Give all the lines below again, exactly, with no pictures.

» **THE DATA**
•••••

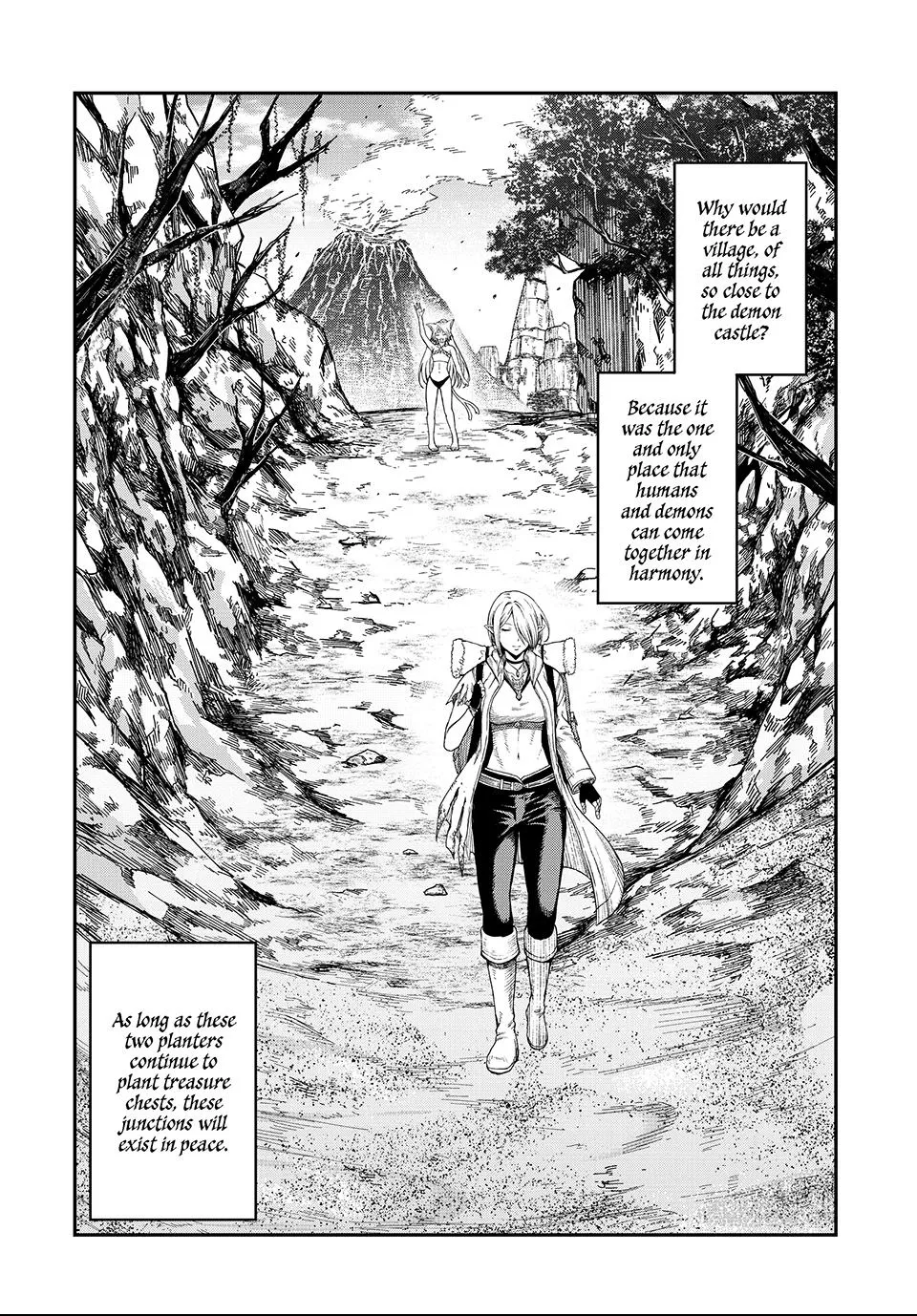 Read Dungeon Elf What's a Dungeon without Treasure Chests EN Manga Online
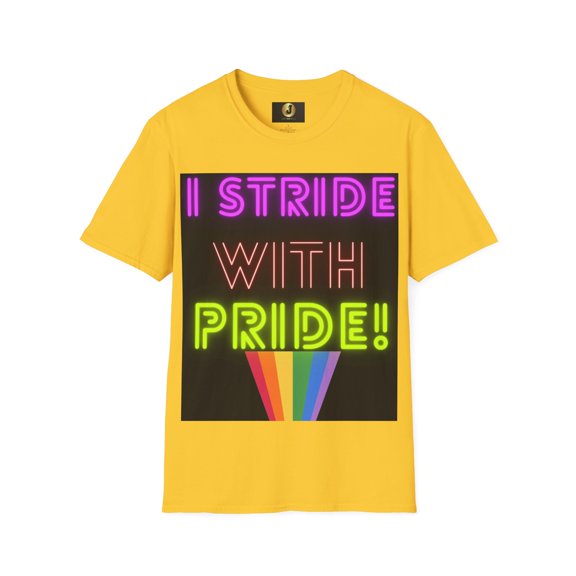 I STRIDE WITH PRIDE (RAINBOW) UNISEX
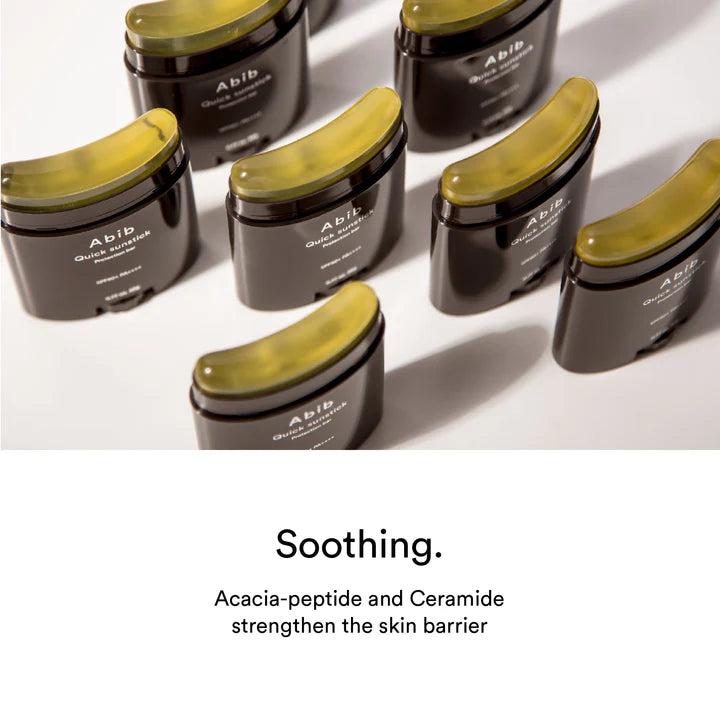 Abib Quick Sunstick SPF50+ PA++++ 22g – Lightweight & Matte Sunscreen Stick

•••••

» **SOLUTION TO THE EXERCISE**
 Read Dungeon Elf What's a Dungeon without Treasure Chests EN Manga Online
 I STRIDE WITH PRIDE (RAINBOW) UNISEX
 Abib Quick Sunstick SPF50+ PA++++ 22g – Lightweight & Matte Sunscreen Stick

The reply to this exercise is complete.